Pirates; serial killings; steamy, unrequited love: Pérez-Reverte (Pirates of the Levant, 2010, etc.) imbues the sensational with significance.
It's 1811, and as Napoleon’s army relentlessly shells the port of Cádiz, Spain, the city finds itself the target of a much more sinister presence. A shadowy figure is brutally murdering young women, and as amoral policeman Rogelio Tizón stalks this prey, he begins to realize that the murders and the French bombs are somehow intertwined. At the same time, the handsome Lolita Palma, upstanding owner of a shipping company, agrees to do business with corsair Pépé Lobo and soon finds herself drawn to his rough charms. And a mysterious taxidermist sends a secret carrier pigeon to a French captain, adding one more pin to his map of bombs. As Napoleon’s war rages on, the world finds itself in a vortex of change, with science competing against faith and tradition to help create a new world order. Pérez-Reverte begins with several different strands of story and weaves them into a rather impressive web.

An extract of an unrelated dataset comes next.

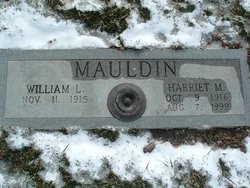 Harriet Malinda <I>Martin</I> Mauldin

The level of detail is meticulous but also beautiful; his descriptions of the town and people of Cádiz capture colors, smells and personalities, making the page come to life, and he balances these sensory passages with dense observations about history, metaphysics, science and human nature. Whether the brutality of the murderer, and in fact of the war, is a result of “the imagination [running] out of control” or “atmospheric conditions” doesn’t ultimately matter to the story. Pérez-Reverte presents a chessboard on which the epic battle of science and fate becomes the story. In the end, it’s about “the dark chasms of the human mind,” a timeless theme if ever there was one.
A genre-bending literary thriller worth the time.